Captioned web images
■ ■ ■ ■ ■ ■ ■

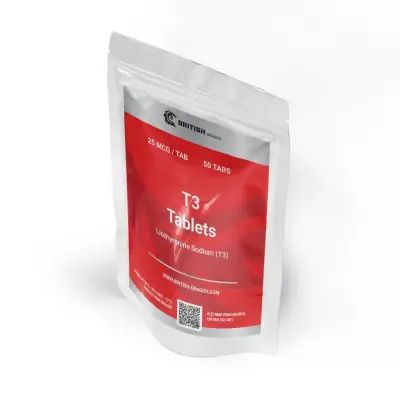 T3 Tablets - British Dragon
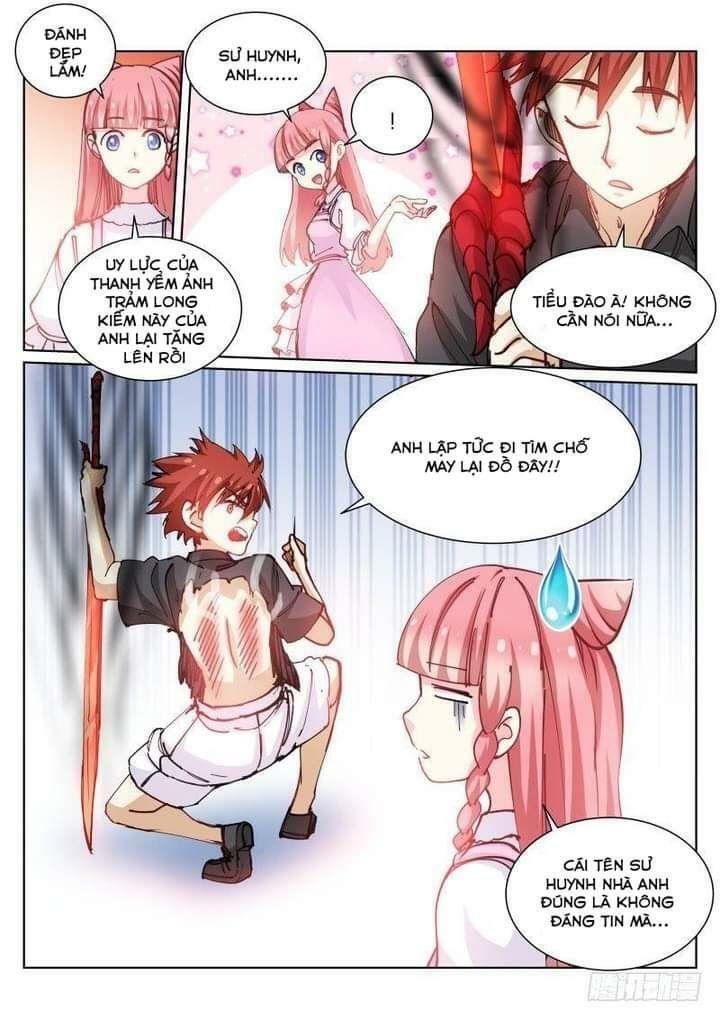 bạch vương tọa chapter 77 15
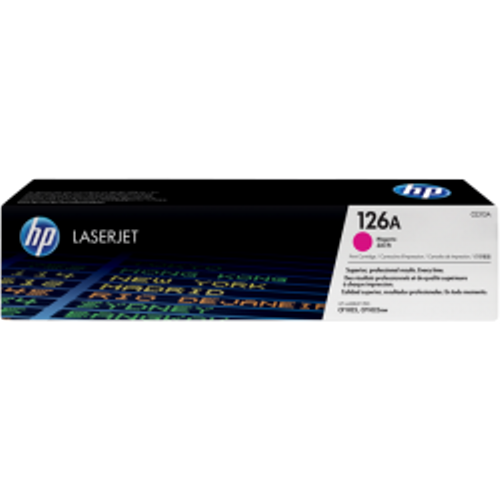 HP 126A (CE313A) K�rm�z� Orijinal Toner 1000 Sayfa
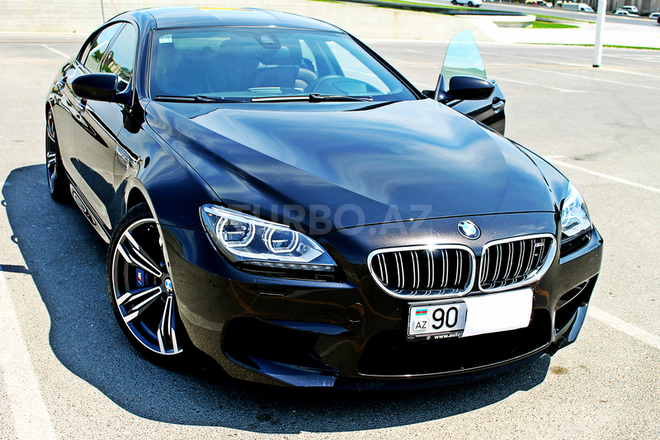 BMW M6 2014, 8,000 km - 4.4 l - Bakı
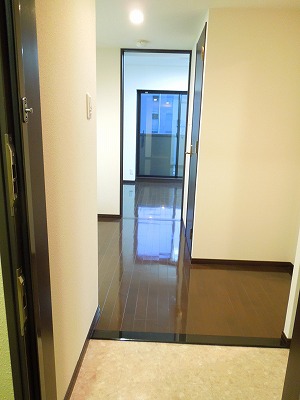 Entrance. ☆ The Company HP is in me a lot of room photo ☆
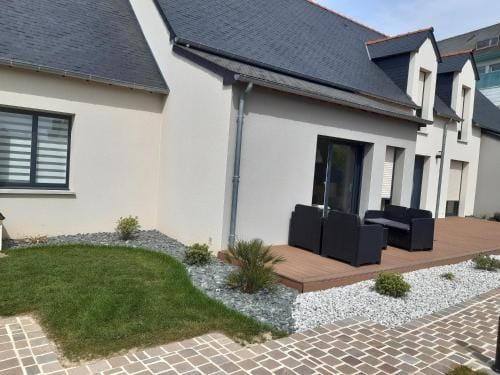 Cœur de ville, chambre confortable a louer en Bretagne Hotel in Brittany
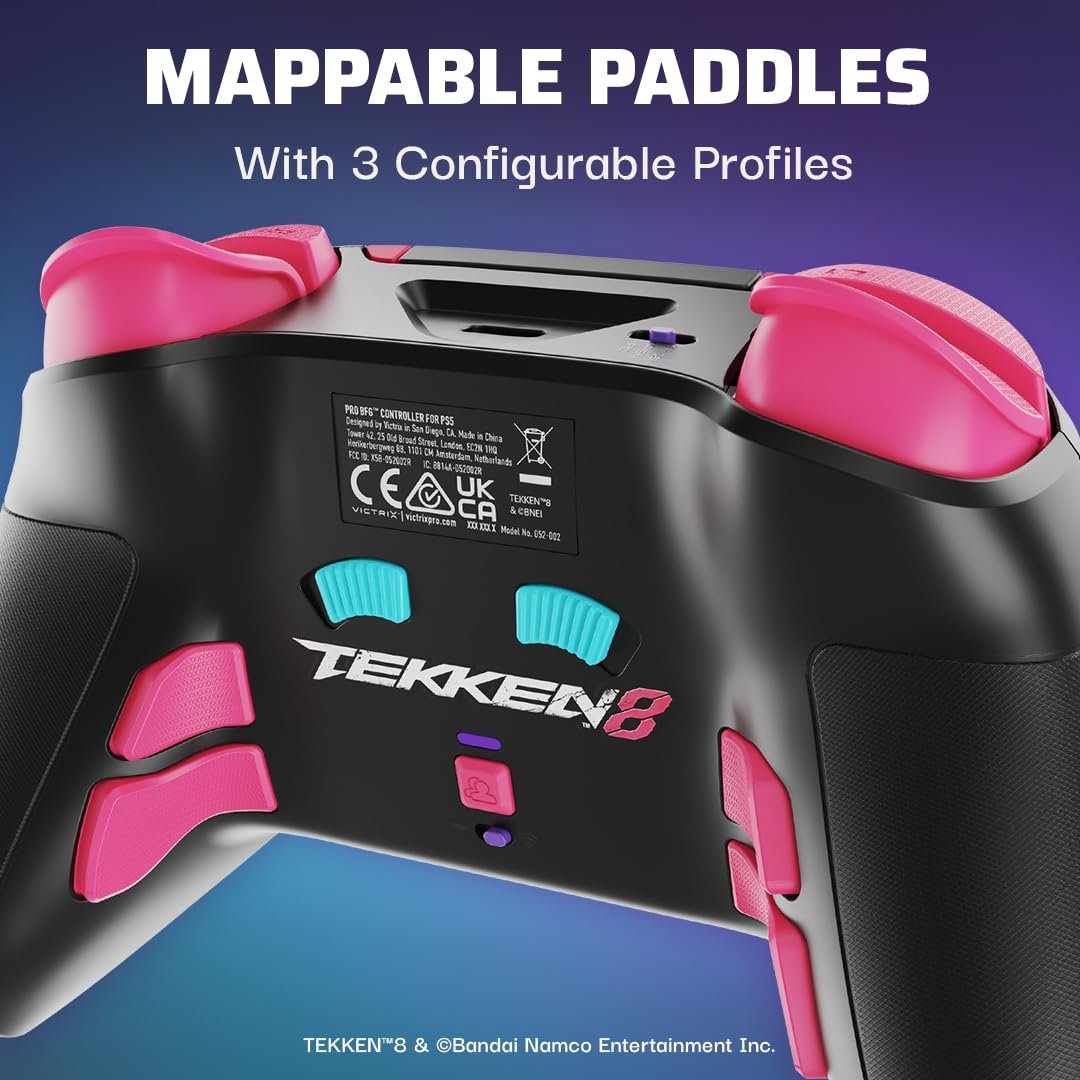 Victrix Pro BFG Wireless Gaming Controller for PS5 & PC 4 Victrix Pro BFG Wireless Gaming Controller for PS5 & PC 4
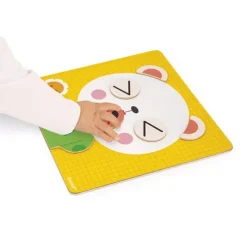 Janod Magnetic Game, The Sensitive Bear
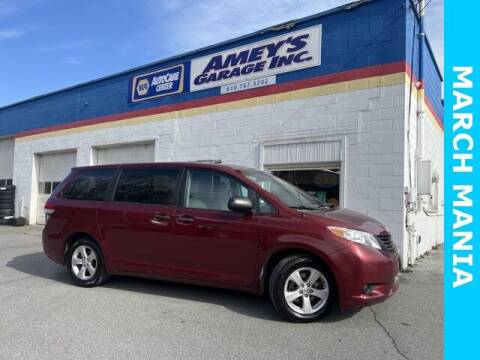 2013 Toyota Sienna for sale at Amey's Garage Inc in Cherryville PA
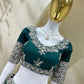 Premium French Crepe Rich Zari Sequence Lehenga Choli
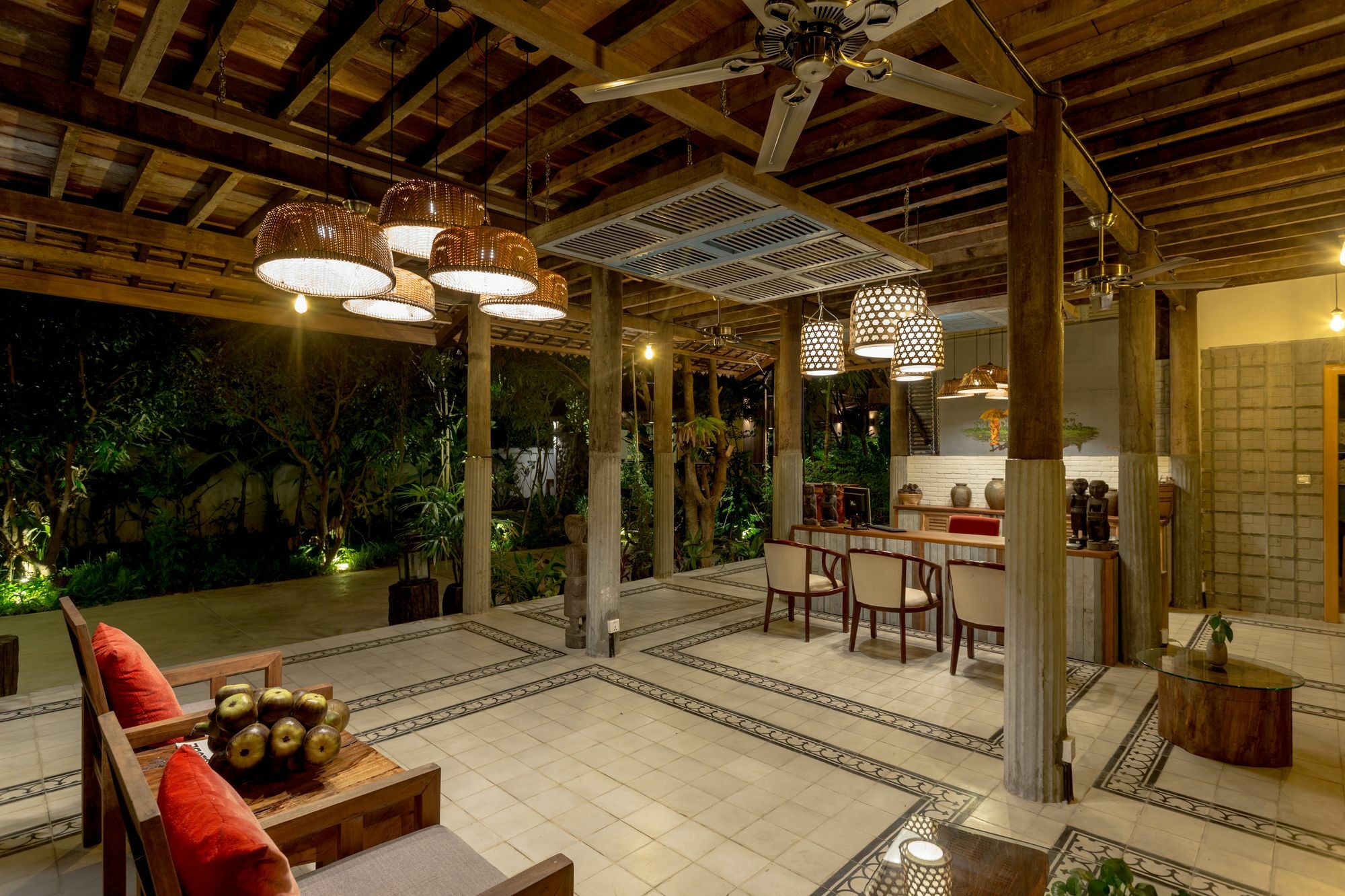 Isann Lodge Siem Reap Extérieur photo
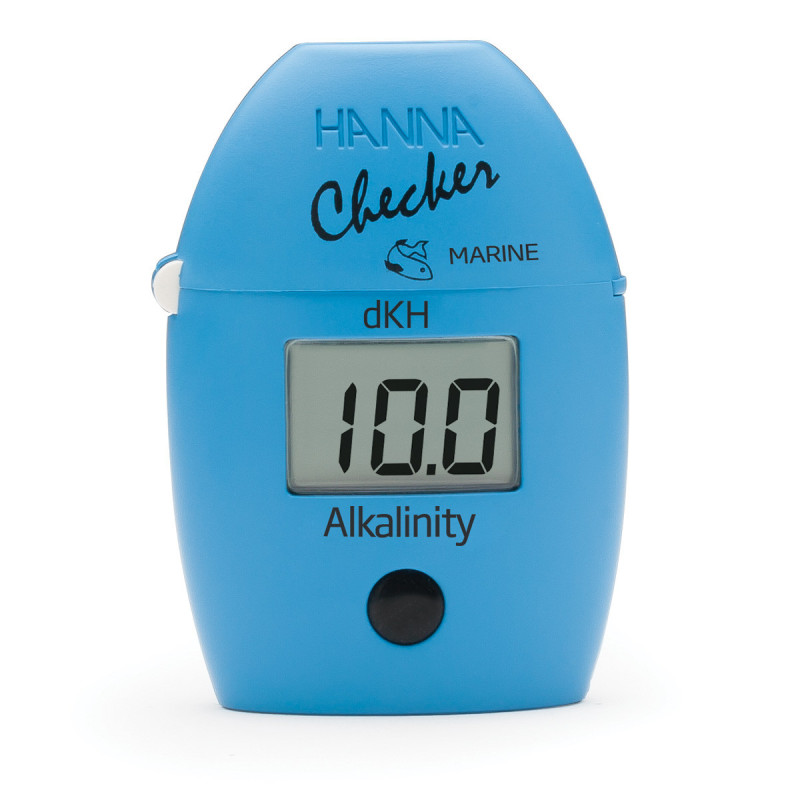 Fotómetro Alcalinidade - Hanna dKH Alkalinity Checker HI772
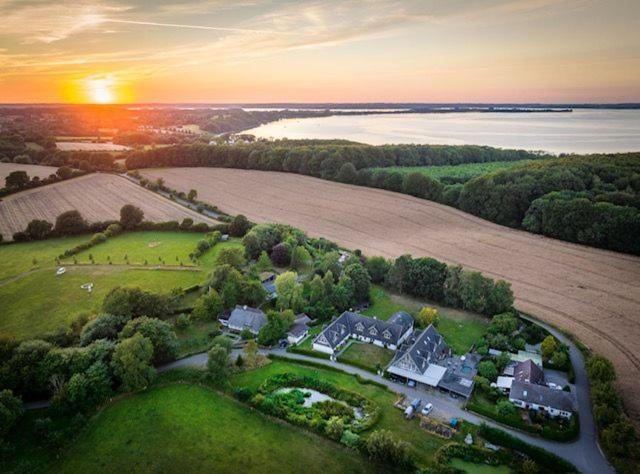 Weitblick - Fewo In Ostseenaehe, 2Km Bis Zur Flensburger Foerde, Mit 2 Grossen Schlafzimmern Munkbrarup Екстериор снимка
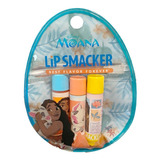 Lip Smacker Disney Moana Lip Balm Party Labial 3pzas Niña
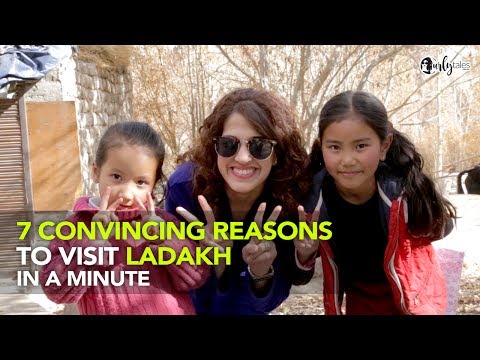 7 Convincing Reasons to Visit Ladakh In A Minute | Curly Tales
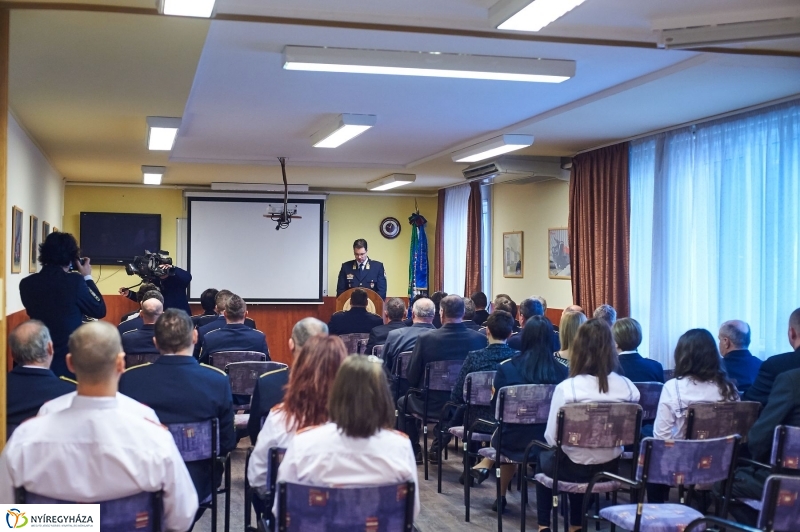 Ünnepi állománygyűlés - fotó Szarka Lajos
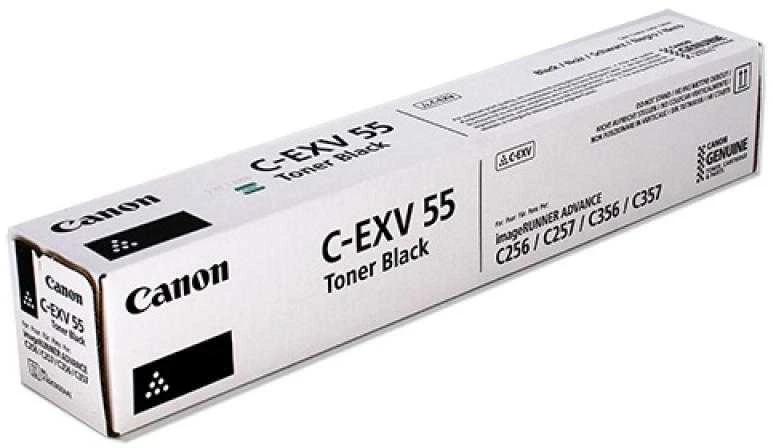Canon C-EXV 55 (2182C002), juoda kasetė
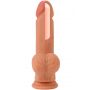 Realistyczne dildo silikonowe Hidden Desire 19 cm - 2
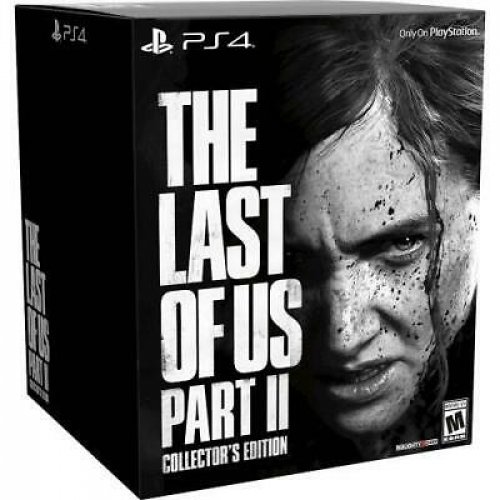The Last of Us Part II Collectors Edition PS4 - For PlayStation 4
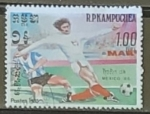 Stamps Cambodia -   FIFA World Cup 1986 - Mexico
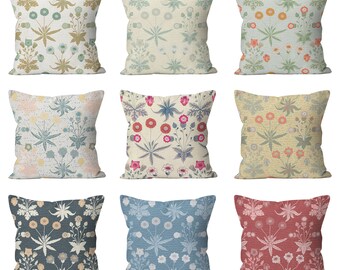 William Morris Classic Daisy Floral Cushion Cover, Morris Design Decor Square / Lumbar Pillowcase, Art Nouveau Indoor/Outdoor Pillow Covers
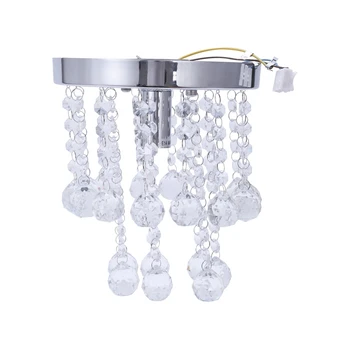 

Retro Luxury Flush Mount Crystal Pendant Ceiling Light Chandelier Lighting HQ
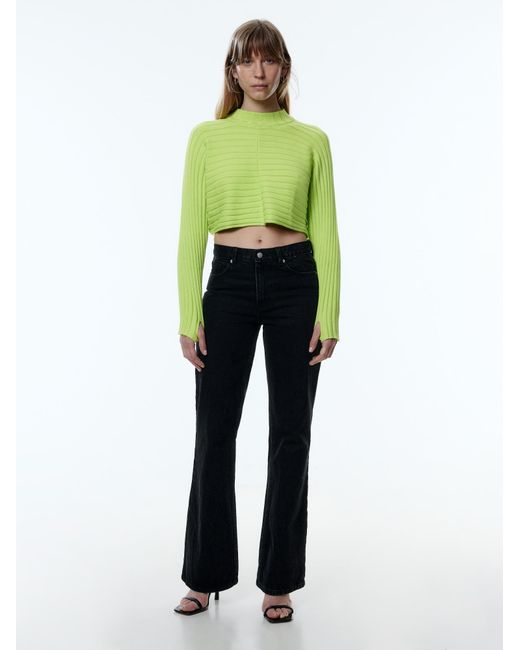 EDITED Green Pullover Marietta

■ ■ ■ ■ ■ ■ ■

Assigned task =
The expected response is every entry above, repeated exactly, pictures removed.

Output of the task =
 T3 Tablets - British Dragon
 bạch vương tọa chapter 77 15
 HP 126A (CE313A) K�rm�z� Orijinal Toner 1000 Sayfa
 BMW M6 2014, 8,000 km - 4.4 l - Bakı
 Entrance. ☆ The Company HP is in me a lot of room photo ☆
 Cœur de ville, chambre confortable a louer en Bretagne Hotel in Brittany
 Victrix Pro BFG Wireless Gaming Controller for PS5 & PC 4 Victrix Pro BFG Wireless Gaming Controller for PS5 & PC 4
 Janod Magnetic Game, The Sensitive Bear
 2013 Toyota Sienna for sale at Amey's Garage Inc in Cherryville PA
 Premium French Crepe Rich Zari Sequence Lehenga Choli
 Isann Lodge Siem Reap Extérieur photo
 Fotómetro Alcalinidade - Hanna dKH Alkalinity Checker HI772
 Weitblick - Fewo In Ostseenaehe, 2Km Bis Zur Flensburger Foerde, Mit 2 Grossen Schlafzimmern Munkbrarup Екстериор снимка
 Lip Smacker Disney Moana Lip Balm Party Labial 3pzas Niña
 7 Convincing Reasons to Visit Ladakh In A Minute | Curly Tales
 Ünnepi állománygyűlés - fotó Szarka Lajos
Canon C-EXV 55 (2182C002), juoda kasetė
 Realistyczne dildo silikonowe Hidden Desire 19 cm - 2
The Last of Us Part II Collectors Edition PS4 - For PlayStation 4
 Stamps Cambodia -   FIFA World Cup 1986 - Mexico
 William Morris Classic Daisy Floral Cushion Cover, Morris Design Decor Square / Lumbar Pillowcase, Art Nouveau Indoor/Outdoor Pillow Covers

Retro Luxury Flush Mount Crystal Pendant Ceiling Light Chandelier Lighting HQ
 EDITED Green Pullover Marietta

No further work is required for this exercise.